* **What you have to do**
Write the data below out exactly as it stands. Do not include the pictures.

━━━━━━

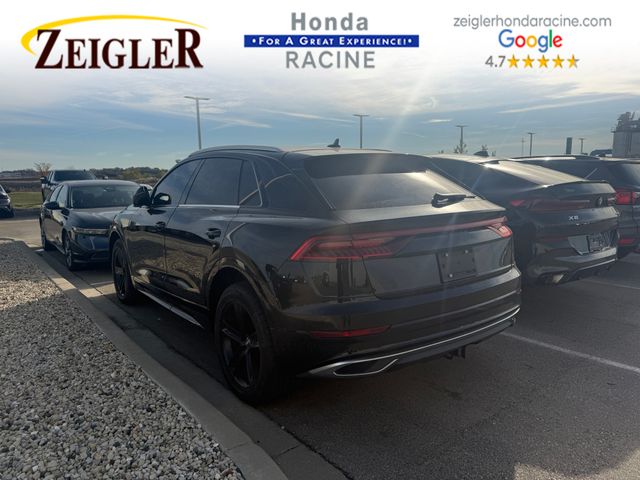 2019 Audi Q8 Premium photo 3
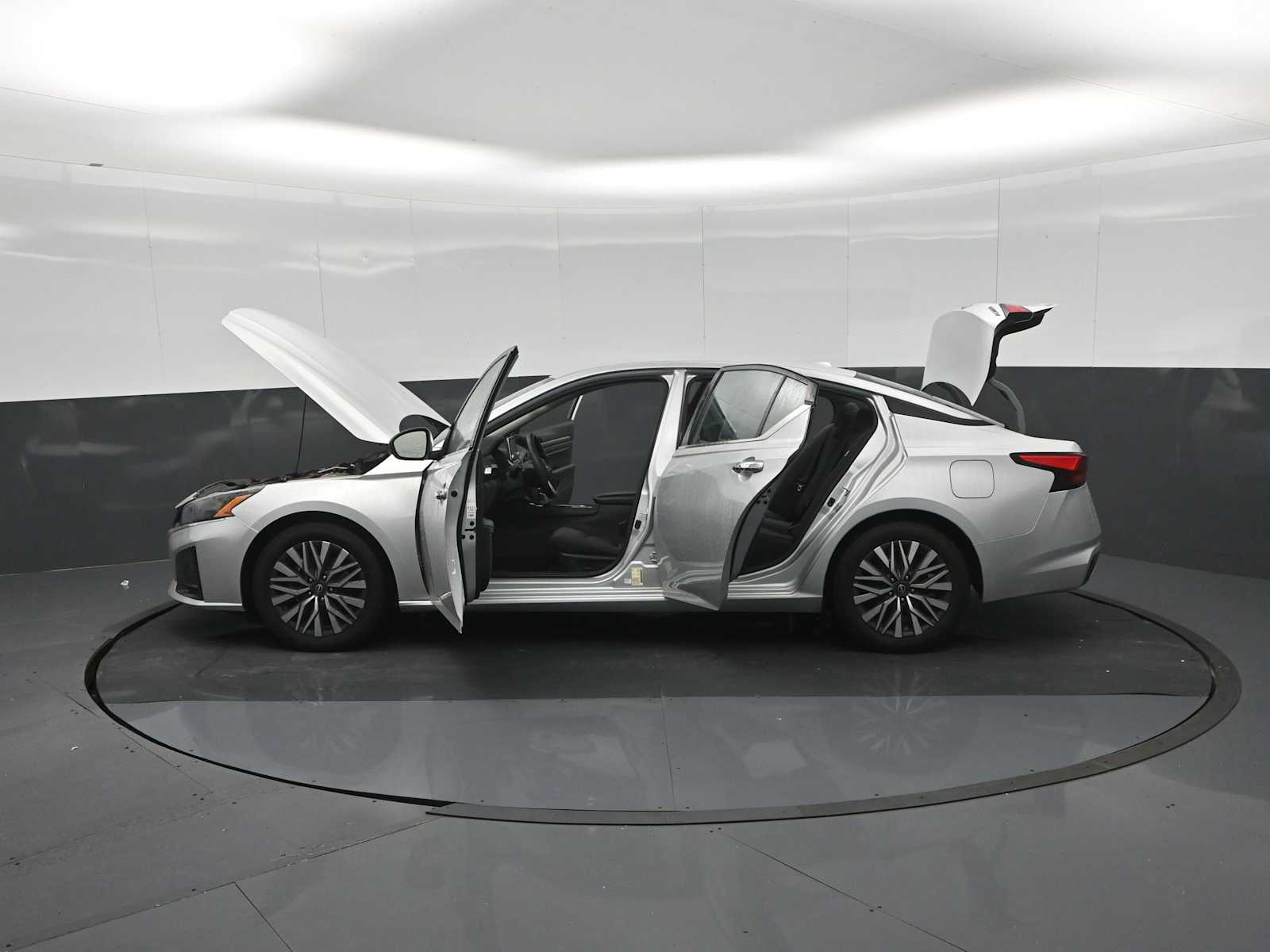 2023 Nissan Altima SV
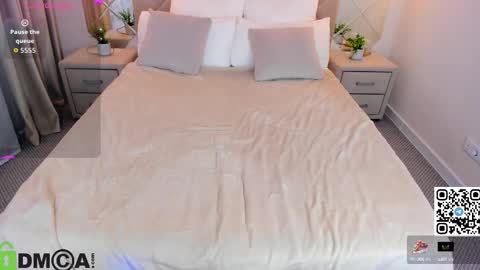 AmyGMT 2 Mon-Sun  0300am-0900am  online show from 09-24-25, 08:17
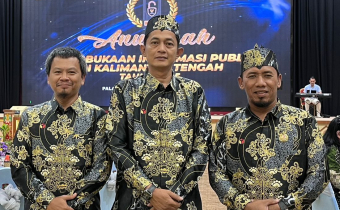 Bawaslu Kabupaten Seruyan Raih Penghargaan Terbaik 3 Anugerah Keterbukaan Informasi Publik 2025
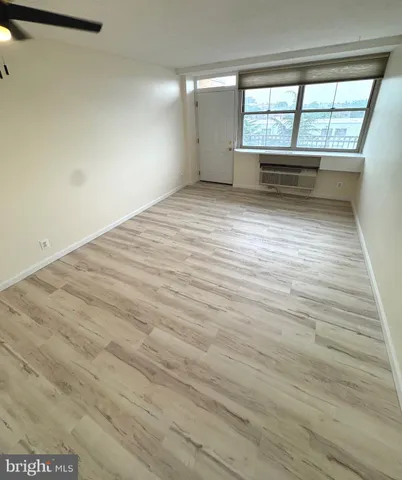 $1,800 | 2030 North Adams Street, Unit 1409, Arlington, VA 22201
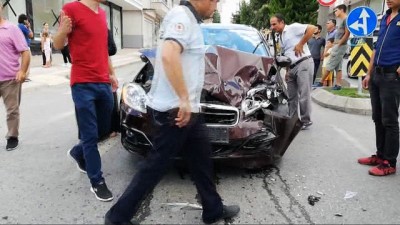 direksiyon -  Otomobil ile traktör böyle çarpıştı: 5 yaralı  Videosu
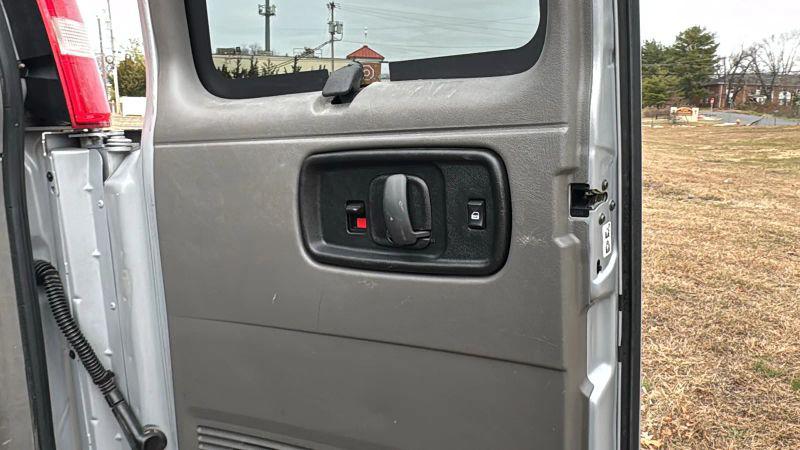2020 Chevrolet Express Passenger RWD 3500 Extended Wheelbase LS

━━━━━━

* **Response to this exercise**
 2019 Audi Q8 Premium photo 3
 2023 Nissan Altima SV
 AmyGMT 2 Mon-Sun  0300am-0900am  online show from 09-24-25, 08:17
 Bawaslu Kabupaten Seruyan Raih Penghargaan Terbaik 3 Anugerah Keterbukaan Informasi Publik 2025
 $1,800 | 2030 North Adams Street, Unit 1409, Arlington, VA 22201
 direksiyon -  Otomobil ile traktör böyle çarpıştı: 5 yaralı  Videosu
2020 Chevrolet Express Passenger RWD 3500 Extended Wheelbase LS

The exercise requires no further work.